Requirement | Write out exactly the lines below starting at the one containing "Выключатель Systeme Electric" and ending at the one containing "Elegante Lila Beerdigungskarte (Rückseite)". Omit every picture.
====== Task input
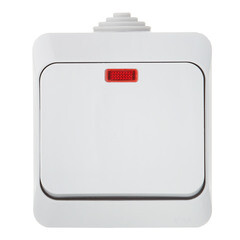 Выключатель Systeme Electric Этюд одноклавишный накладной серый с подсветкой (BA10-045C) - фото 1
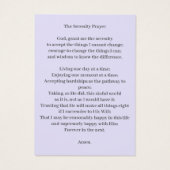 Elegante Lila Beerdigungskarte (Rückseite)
============
====== Task input
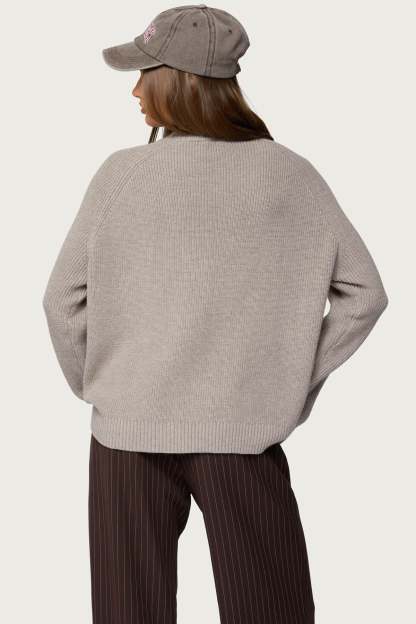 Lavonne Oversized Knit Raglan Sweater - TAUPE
============
Answer to this problem |
 Выключатель Systeme Electric Этюд одноклавишный накладной серый с подсветкой (BA10-045C) - фото 1
 Elegante Lila Beerdigungskarte (Rückseite)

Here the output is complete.